• _Exercise instructions_
Please reproduce, exactly and in full, the lines running from the one that contains "Hotel Arcachon Le Dauphin 34" to the end of the entries.

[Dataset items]
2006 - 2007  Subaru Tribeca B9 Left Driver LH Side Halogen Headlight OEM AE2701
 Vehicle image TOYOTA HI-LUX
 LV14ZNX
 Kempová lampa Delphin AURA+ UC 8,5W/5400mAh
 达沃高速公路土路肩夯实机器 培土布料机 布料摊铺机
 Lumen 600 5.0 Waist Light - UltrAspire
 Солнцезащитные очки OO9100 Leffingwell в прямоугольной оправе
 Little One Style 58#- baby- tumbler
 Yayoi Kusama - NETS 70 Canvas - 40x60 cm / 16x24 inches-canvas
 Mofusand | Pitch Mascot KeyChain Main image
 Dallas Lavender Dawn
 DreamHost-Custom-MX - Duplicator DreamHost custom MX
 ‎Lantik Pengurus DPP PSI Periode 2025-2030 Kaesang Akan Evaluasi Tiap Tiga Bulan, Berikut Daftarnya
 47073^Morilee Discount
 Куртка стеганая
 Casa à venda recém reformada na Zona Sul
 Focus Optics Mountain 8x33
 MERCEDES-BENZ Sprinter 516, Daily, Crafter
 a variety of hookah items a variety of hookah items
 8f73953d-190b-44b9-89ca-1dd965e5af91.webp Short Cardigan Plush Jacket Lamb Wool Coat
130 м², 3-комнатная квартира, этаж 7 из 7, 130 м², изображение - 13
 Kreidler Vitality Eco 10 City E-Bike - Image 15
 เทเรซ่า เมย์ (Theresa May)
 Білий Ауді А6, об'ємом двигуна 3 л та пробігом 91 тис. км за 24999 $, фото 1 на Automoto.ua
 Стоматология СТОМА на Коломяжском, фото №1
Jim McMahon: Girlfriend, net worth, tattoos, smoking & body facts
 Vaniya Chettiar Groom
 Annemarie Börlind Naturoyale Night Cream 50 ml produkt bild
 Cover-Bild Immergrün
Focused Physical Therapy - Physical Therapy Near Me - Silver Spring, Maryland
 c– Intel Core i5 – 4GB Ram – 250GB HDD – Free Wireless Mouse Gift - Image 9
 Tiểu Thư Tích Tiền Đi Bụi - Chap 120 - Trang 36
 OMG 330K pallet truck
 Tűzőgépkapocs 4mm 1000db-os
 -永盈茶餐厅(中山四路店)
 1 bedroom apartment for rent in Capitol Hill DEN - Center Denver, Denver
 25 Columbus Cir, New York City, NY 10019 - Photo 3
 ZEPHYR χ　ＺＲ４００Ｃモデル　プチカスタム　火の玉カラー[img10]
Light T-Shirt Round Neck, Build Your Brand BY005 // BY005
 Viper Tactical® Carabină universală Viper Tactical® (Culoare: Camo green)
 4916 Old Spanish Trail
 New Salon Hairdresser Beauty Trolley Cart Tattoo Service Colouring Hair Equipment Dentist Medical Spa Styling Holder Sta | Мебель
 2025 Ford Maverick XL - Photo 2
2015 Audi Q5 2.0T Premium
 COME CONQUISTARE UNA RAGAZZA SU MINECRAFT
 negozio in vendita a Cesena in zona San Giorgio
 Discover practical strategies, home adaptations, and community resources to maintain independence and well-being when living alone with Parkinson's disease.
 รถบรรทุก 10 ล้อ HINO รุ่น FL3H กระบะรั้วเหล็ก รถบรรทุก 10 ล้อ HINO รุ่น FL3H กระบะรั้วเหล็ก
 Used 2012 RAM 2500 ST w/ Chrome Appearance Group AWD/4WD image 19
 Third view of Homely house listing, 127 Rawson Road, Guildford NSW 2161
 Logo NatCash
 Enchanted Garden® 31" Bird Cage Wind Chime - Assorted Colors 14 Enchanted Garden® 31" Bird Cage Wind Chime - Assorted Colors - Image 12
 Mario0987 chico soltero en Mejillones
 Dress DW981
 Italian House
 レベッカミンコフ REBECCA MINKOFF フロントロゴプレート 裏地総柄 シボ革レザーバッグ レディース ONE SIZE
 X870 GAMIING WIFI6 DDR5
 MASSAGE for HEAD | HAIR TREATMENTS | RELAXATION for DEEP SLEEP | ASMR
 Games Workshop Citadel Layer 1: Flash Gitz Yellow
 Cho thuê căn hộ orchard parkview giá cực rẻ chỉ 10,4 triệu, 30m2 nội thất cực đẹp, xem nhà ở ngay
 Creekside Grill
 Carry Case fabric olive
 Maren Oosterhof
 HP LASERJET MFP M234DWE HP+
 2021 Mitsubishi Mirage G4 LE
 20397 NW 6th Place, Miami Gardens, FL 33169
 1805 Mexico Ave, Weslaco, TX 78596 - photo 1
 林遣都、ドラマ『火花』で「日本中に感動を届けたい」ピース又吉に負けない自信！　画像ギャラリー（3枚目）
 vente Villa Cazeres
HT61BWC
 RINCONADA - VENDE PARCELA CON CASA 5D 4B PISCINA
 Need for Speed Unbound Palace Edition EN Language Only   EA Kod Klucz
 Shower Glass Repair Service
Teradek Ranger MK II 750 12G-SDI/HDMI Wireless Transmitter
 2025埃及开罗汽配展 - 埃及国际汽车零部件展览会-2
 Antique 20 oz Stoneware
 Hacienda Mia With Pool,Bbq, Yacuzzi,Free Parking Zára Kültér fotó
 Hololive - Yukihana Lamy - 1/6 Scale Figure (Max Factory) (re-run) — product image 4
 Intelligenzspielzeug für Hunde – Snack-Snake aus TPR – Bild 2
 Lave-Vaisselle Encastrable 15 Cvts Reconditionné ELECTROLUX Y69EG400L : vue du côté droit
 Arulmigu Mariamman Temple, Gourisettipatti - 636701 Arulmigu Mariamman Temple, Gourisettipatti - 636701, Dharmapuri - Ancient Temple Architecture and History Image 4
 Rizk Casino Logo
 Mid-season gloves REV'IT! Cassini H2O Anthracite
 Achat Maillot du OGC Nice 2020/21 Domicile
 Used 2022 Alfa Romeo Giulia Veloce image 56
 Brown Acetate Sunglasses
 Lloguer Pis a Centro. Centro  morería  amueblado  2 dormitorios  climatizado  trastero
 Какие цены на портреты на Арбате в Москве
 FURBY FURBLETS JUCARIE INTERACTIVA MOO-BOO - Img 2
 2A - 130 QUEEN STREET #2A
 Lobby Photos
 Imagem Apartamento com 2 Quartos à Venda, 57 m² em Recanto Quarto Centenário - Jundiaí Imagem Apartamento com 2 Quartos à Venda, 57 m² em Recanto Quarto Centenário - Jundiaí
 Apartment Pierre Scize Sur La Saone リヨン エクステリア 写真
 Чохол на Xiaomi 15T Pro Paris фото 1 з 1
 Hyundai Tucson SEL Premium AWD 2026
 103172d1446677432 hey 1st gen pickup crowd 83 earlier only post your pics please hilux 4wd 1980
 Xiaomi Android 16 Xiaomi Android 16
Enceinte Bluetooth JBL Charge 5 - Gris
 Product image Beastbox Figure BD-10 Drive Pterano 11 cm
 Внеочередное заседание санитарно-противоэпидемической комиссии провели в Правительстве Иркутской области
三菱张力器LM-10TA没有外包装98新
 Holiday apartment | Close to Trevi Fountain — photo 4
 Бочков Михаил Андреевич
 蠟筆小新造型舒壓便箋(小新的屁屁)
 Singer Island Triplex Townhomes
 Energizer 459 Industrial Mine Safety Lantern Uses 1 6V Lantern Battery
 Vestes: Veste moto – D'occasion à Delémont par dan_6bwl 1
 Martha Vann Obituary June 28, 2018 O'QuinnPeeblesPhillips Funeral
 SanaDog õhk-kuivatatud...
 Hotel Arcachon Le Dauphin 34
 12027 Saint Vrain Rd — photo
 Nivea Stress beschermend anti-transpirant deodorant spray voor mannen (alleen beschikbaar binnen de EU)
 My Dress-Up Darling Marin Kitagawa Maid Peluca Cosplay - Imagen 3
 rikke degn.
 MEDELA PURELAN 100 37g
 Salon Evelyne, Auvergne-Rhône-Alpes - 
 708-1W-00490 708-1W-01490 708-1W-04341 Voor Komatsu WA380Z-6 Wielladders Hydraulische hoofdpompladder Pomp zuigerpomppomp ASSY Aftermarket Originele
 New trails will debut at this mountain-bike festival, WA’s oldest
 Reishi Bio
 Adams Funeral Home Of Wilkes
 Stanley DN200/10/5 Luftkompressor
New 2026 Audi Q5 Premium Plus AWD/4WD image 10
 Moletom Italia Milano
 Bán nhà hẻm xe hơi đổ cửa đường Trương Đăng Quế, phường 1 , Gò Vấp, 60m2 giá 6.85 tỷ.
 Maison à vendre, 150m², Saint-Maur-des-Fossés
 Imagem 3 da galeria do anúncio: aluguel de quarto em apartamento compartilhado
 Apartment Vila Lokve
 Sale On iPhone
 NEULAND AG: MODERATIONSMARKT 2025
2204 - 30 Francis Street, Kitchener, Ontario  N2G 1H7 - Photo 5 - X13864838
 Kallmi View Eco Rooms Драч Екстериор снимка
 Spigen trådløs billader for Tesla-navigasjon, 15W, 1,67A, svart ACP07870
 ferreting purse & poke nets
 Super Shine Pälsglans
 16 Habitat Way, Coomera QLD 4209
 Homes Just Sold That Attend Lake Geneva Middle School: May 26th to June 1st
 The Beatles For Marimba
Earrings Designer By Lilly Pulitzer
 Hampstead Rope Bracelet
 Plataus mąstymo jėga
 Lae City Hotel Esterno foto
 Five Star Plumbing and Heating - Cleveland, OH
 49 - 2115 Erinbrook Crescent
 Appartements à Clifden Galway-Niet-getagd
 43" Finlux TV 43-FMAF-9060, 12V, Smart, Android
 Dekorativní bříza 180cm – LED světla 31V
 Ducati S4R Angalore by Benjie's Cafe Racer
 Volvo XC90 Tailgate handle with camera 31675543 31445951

• _Task response_
 Hotel Arcachon Le Dauphin 34
 12027 Saint Vrain Rd — photo
 Nivea Stress beschermend anti-transpirant deodorant spray voor mannen (alleen beschikbaar binnen de EU)
 My Dress-Up Darling Marin Kitagawa Maid Peluca Cosplay - Imagen 3
 rikke degn.
 MEDELA PURELAN 100 37g
 Salon Evelyne, Auvergne-Rhône-Alpes - 
 708-1W-00490 708-1W-01490 708-1W-04341 Voor Komatsu WA380Z-6 Wielladders Hydraulische hoofdpompladder Pomp zuigerpomppomp ASSY Aftermarket Originele
 New trails will debut at this mountain-bike festival, WA’s oldest
 Reishi Bio
 Adams Funeral Home Of Wilkes
 Stanley DN200/10/5 Luftkompressor
New 2026 Audi Q5 Premium Plus AWD/4WD image 10
 Moletom Italia Milano
 Bán nhà hẻm xe hơi đổ cửa đường Trương Đăng Quế, phường 1 , Gò Vấp, 60m2 giá 6.85 tỷ.
 Maison à vendre, 150m², Saint-Maur-des-Fossés
 Imagem 3 da galeria do anúncio: aluguel de quarto em apartamento compartilhado
 Apartment Vila Lokve
 Sale On iPhone
 NEULAND AG: MODERATIONSMARKT 2025
2204 - 30 Francis Street, Kitchener, Ontario  N2G 1H7 - Photo 5 - X13864838
 Kallmi View Eco Rooms Драч Екстериор снимка
 Spigen trådløs billader for Tesla-navigasjon, 15W, 1,67A, svart ACP07870
 ferreting purse & poke nets
 Super Shine Pälsglans
 16 Habitat Way, Coomera QLD 4209
 Homes Just Sold That Attend Lake Geneva Middle School: May 26th to June 1st
 The Beatles For Marimba
Earrings Designer By Lilly Pulitzer
 Hampstead Rope Bracelet
 Plataus mąstymo jėga
 Lae City Hotel Esterno foto
 Five Star Plumbing and Heating - Cleveland, OH
 49 - 2115 Erinbrook Crescent
 Appartements à Clifden Galway-Niet-getagd
 43" Finlux TV 43-FMAF-9060, 12V, Smart, Android
 Dekorativní bříza 180cm – LED světla 31V
 Ducati S4R Angalore by Benjie's Cafe Racer
 Volvo XC90 Tailgate handle with camera 31675543 31445951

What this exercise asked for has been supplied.